▸ Source material
··········

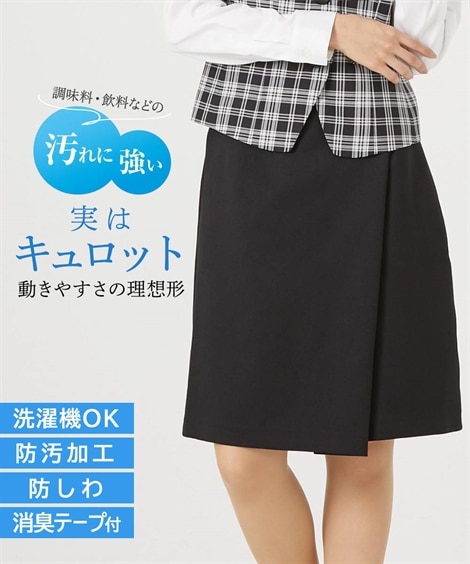 パンツスーツ 事務服・会社制服 防汚加工付で安心！キュロットパンツ 上下別売り 5,215円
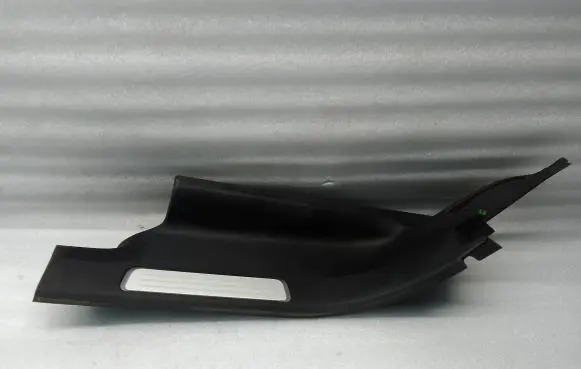 Volvo XC90 Front sill trim cover 31363747
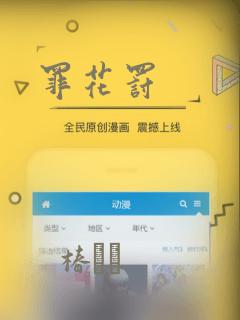 罪花罚：结局+番外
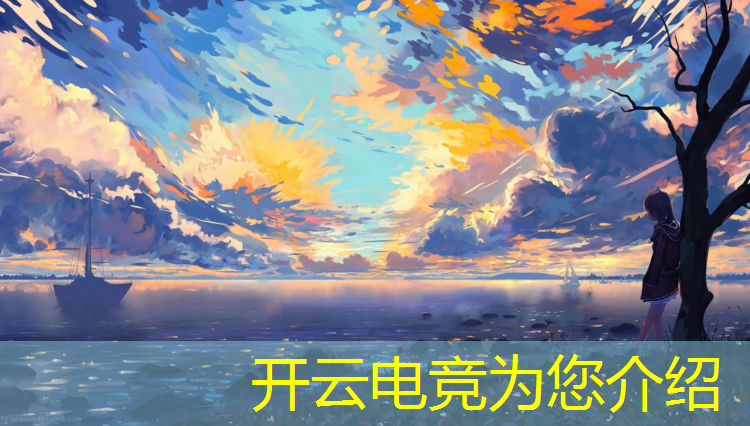 开云电竞为您介绍：昌江电竞解说专业哪家好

··········

▸ Work request
Leaving the pictures behind, return every line above exactly.

▸ Answer box
 パンツスーツ 事務服・会社制服 防汚加工付で安心！キュロットパンツ 上下別売り 5,215円
 Volvo XC90 Front sill trim cover 31363747
 罪花罚：结局+番外
 开云电竞为您介绍：昌江电竞解说专业哪家好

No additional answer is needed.